Nick Clegg and my one-year-old daughter Izzy have something in common. Last week they both took their first grownup steps. The two events had equally devastating consequences. Jo and I have had to raise everything in the sitting room above child height: and, having found that their opponent is a baby no more, Labour and the Tories are belatedly rushing around trying to raise their game.
I missed Clegg’s first performance because the volcano had caused me to get stuck in France. Thanks to a surprisingly luxurious ferry (I know that sounds like a contradiction, but a huge cabin with a kingsize bed, private bathroom and breakfast-in-bed hands Brittany Ferries my vote for Most Stylish Cross-Channel Ferry), I arrived back in time to miss the wedding of my old friend, Christopher Graham.
Chris has one of the most powerful jobs in Britain: he’s our Information Commissioner. Appointed by the Crown, his job is to promote openness by public bodies and protect the privacy of our data. He’s the chap who decides what we should know about our elected representatives and what the government should know about us. In short, he’s our country’s Head of Fairness and Openness, the bloke you go to if you want to find out what our MPs and public corporations are doing or spending.

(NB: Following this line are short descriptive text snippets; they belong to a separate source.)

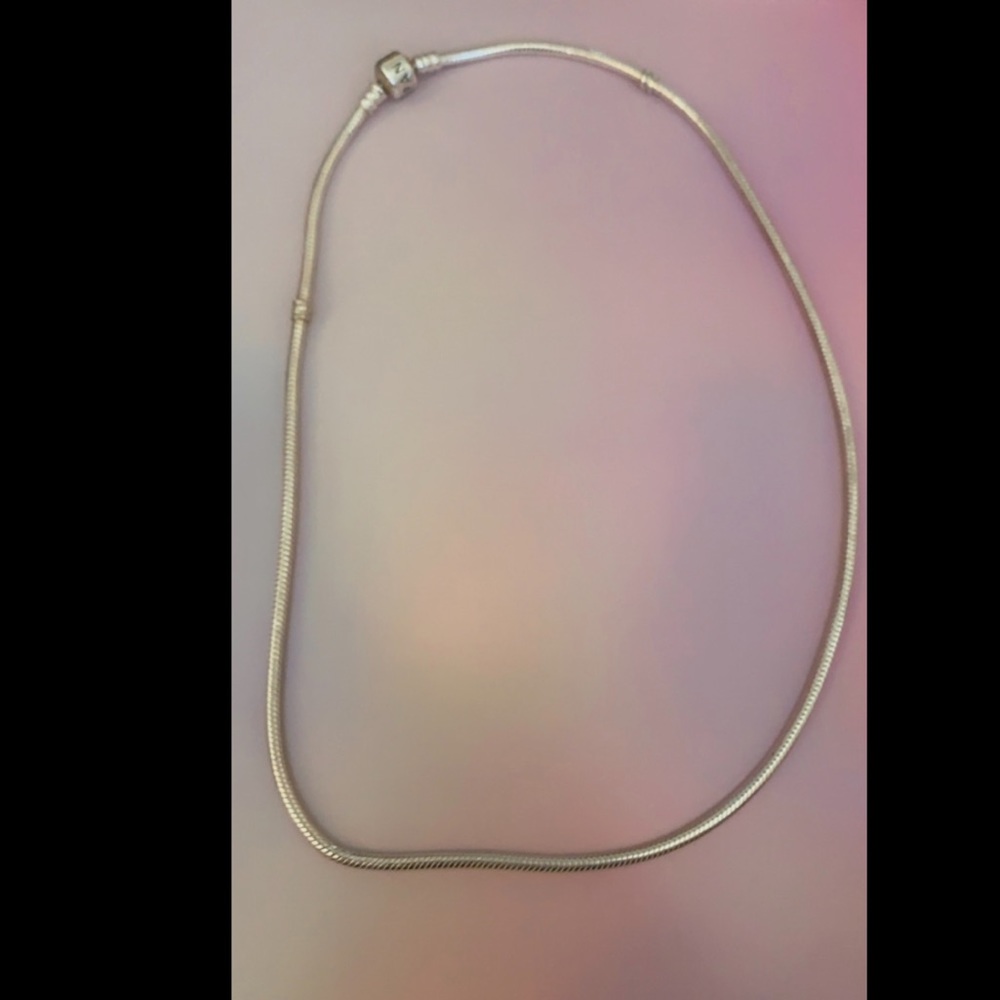 Pandora Snake chain with barrel clasp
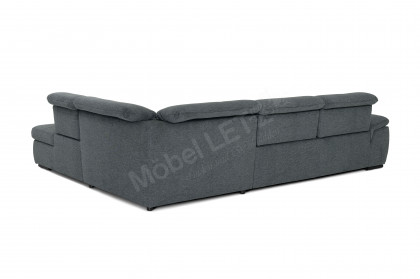 MP-IN16037 von Megapol - Ecksofa anthrazit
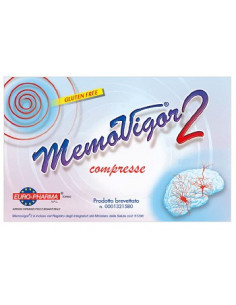 Memovigor 2 20 compresse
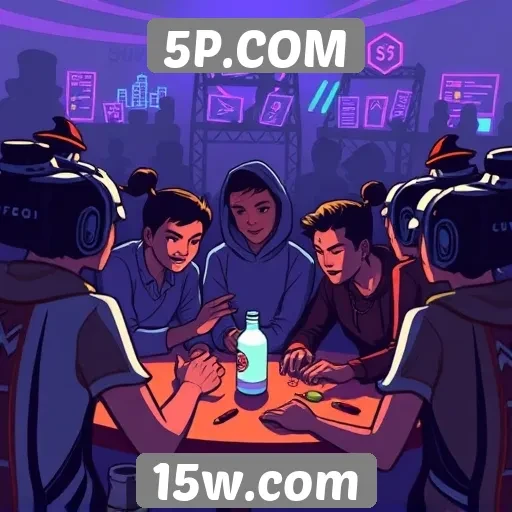 Impacto das comunidades de jogadores no 5P.COM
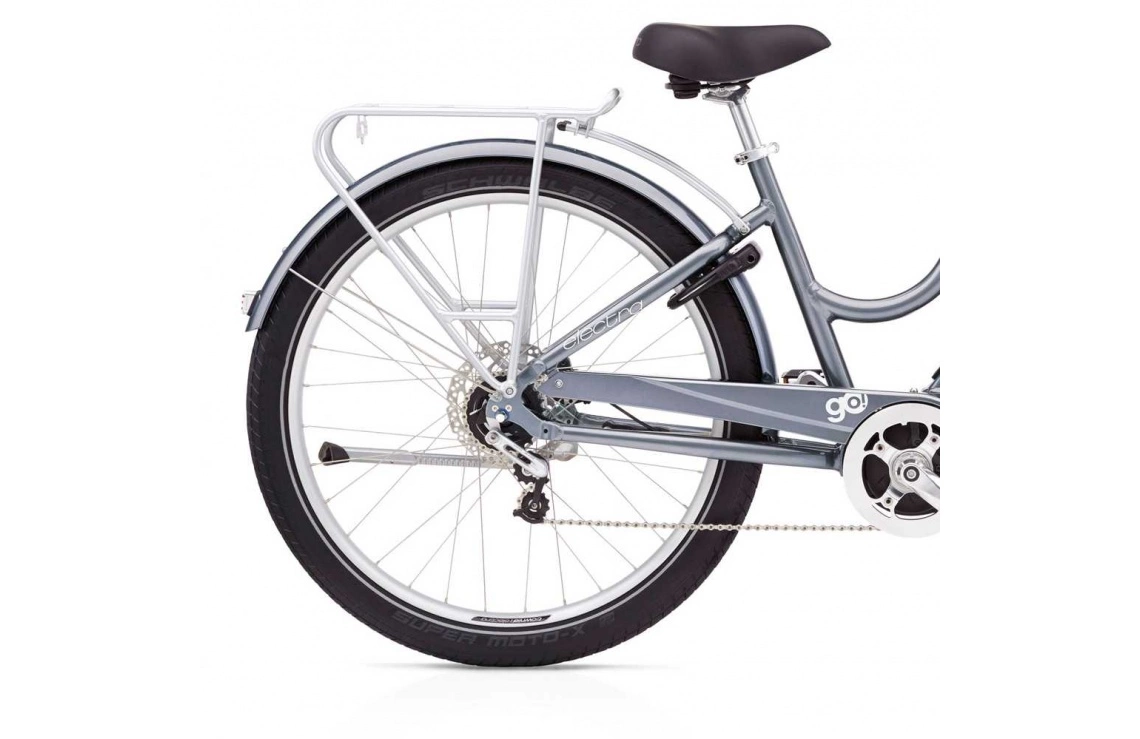 Elcykel Cruiser Electra Townie Path Go! 5i Dam Grå 4 Elcykel Cruiser Electra Townie Path Go! 5i Dam Grå - Bild 2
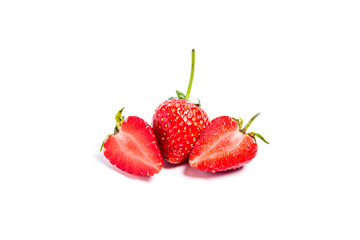 strawberry isolated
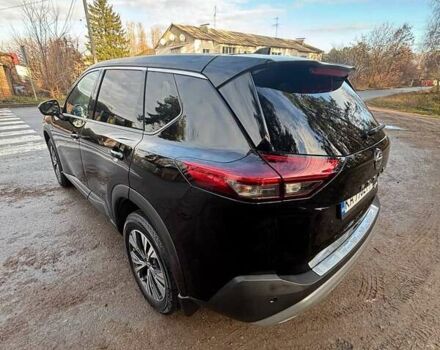 Чорний Ніссан Rogue, об'ємом двигуна 2.5 л та пробігом 65 тис. км за 20999 $, фото 5 на Automoto.ua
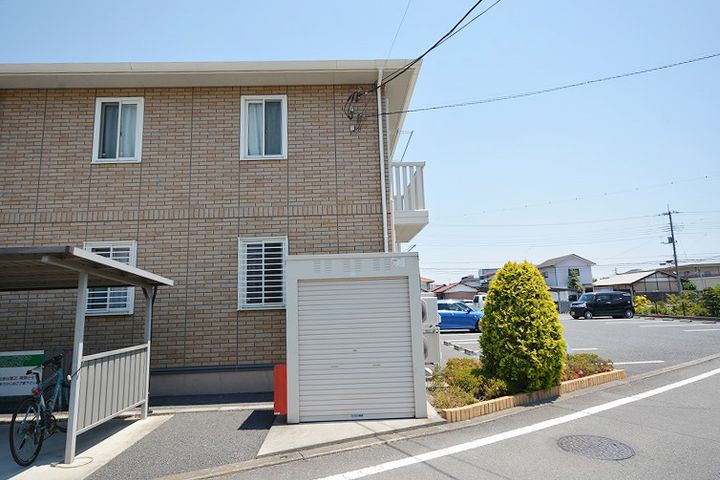 リ ジェルの外観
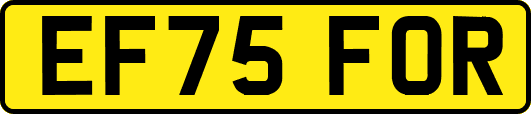 EF75FOR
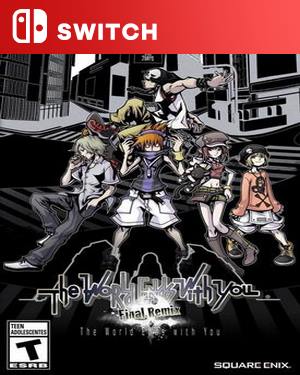 【SWITCH中文】[美妙世界：最终混音].The World Ends with You -Final Remix--游戏饭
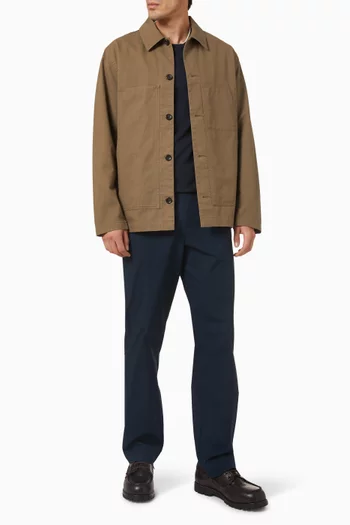 Utility Chore Jacket in Cotton-linen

We met in the early 1970s when we were both BBC news trainees. Chris had been interested in politics all his life: he was a Liverpool city councillor at the age of 21 and he tried in vain to become an MP in the 1980s. It was Chris who first drew my attention to the plight of the Liberals.
He and I had volunteered to work on the results programme on the February 1974 election. Chris was very excited because the Libs, or Soggies as we unkindly called them, were on the verge of a breakthrough. If they achieved over 21% of the popular vote, they’d end up with maybe fifty MPs, compared to the six they currently had. At long last there would be a third force in British politics.
In fact, the Libs succeeded in doubling their vote to 6 million, more than half the support of either big party, but won only 14 seats. Statistically that meant (as Chris would recite endlessly to anyone who would listen) it took just 39,000 votes to elect a Labour MP, but 433,000 votes to elect a Liberal. That’s simply not fair, said Chris. And it still isn’t.
Even if Clegg gets 30% of the vote, he’ll only get around 100 seats – compared to the 200 he deserves. And that’s plain wrong: our cockeyed version of democracy means that if one party is supported by around 39%, that party can pretty well ignore the views of the 61% who voted against them.
After the 1974 election, Ted Heath desperately tried to keep power by seeking a coalition with the Liberals. But Jeremy Thorpe’s condition – electoral reform – was a dealbreaker. This time, the winner will be the party that offers voting reform first. Irrespective of which party gets the most votes on May 6th, unless Clegg falls flat on his face in this Thursday’s debate we’re likely to have coalition politics in Britain forever. That means Lib Dems in government for the foreseeable future.
And that, of course, is perfectly fair. If the Lib Dem vote sticks at around 30%, the British public isn’t going to tolerate Labour, with fewer votes, getting substantially more seats and possibly even forming a government.
Nick Clegg’s newfound popularity has exposed the obsolescence of the British voting system, which will have a serious crisis of legitimacy unless the established parties offer complete reform. The baby is walking – there’s no going back now.